I know it is starting to sound that I am unhappy being single, but it is more that I am upset that I am again, not seems to be moving on. I frankly really don't know what to do anymore. I no longer wanting to play the dating game anymore, because I am done with jerks. And I had met a few little ones along the way. I don't want to be stationary, and yet I don't know how to move forward. What am I supposed to do?

Yesterday after jazz class, a woman came to us and started chatting. She told us that since we are young, don't waste time working because we don't want to be on our deathbed wishing that we have done sth or more of this/ that. Essentially, we need to have a work life balance. I asked myself this question yesterday night on what I would say on my deathbed. And my answer is, I wish I had danced more. And right now I am dancing as much as I could afford to. But even though I got this part right, why am I still feeling that I am not moving forward? Am I just being weird or thinking too much?

I hate thinking. I wish I can just take out my brains and not think today.

I know nobody will ever know that I am feeling upset, because I never let my unhappiness show. To everyone else, I am a bubbly, happy, nothing-can-get-me-down girl. But still deep down, I need assurance. I am upset. And I know I will never get the comfort I need, because nobody knows.

I am an onion of myself all over again, putting many different layers of myself on top of my true self to protect myself. When will I ever be able to let go of all these layers and reveal who I am to the world?

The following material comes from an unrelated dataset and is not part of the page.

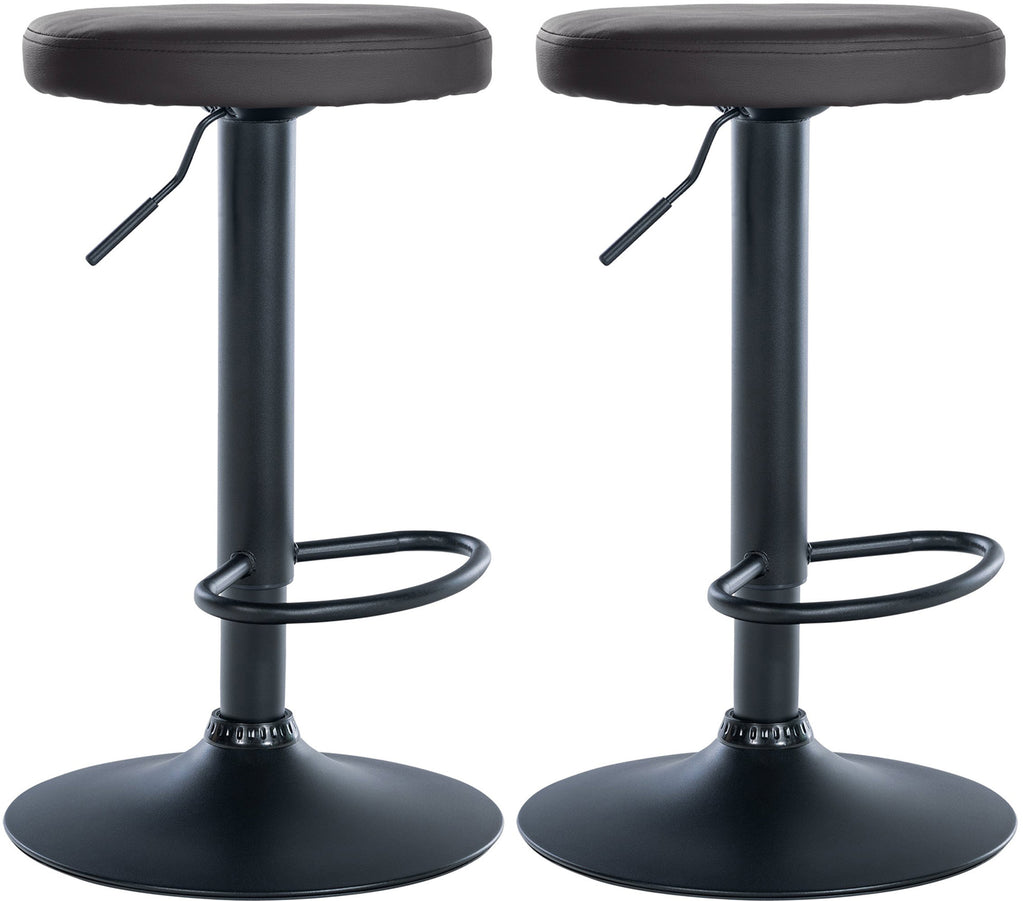 2er Set Barhocker Ponte Kunstleder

Maybe I am hitting a bad phase again. Physically, I am hitting a bad phase also because I have been getting big and small injuries for the last 2 months. I twisted my knee (again), bruises all over my legs, wounds on calves and knees and the most recent one, suspected tendon tear on my left toe. Did an x-ray to ensure that I didn't have a fracture, which I didn't, thank goodness. Gave me a really bad scare. Or else I would be out for 6 weeks, which would really kill me! I already can't stand being away for 3 days, let alone 6 weeks. I realised that the art of staying active is also to know how to avoid injuries. I have to start training for muscles strength in order to get less injuries. So, the latest now is that I am out for a week due to my toe, and hopefully this is the last of all the chain injuries that I am getting for a long while.

Ok, I am done with a super long post again. Cheerios

**I know I have not been blogging frequently, but I tend to only blog when I get inspiration to write. And usually inspirations requires me to be emotionally charged, and that's why I tend to write longer. But I know my best entries are the longest, saddest, soppiest ones, which tend to be the posts that I wrote the fastest. If I am not blogging, it is a good thing because it means that my life is peaceful or rather, I am at peace with myself.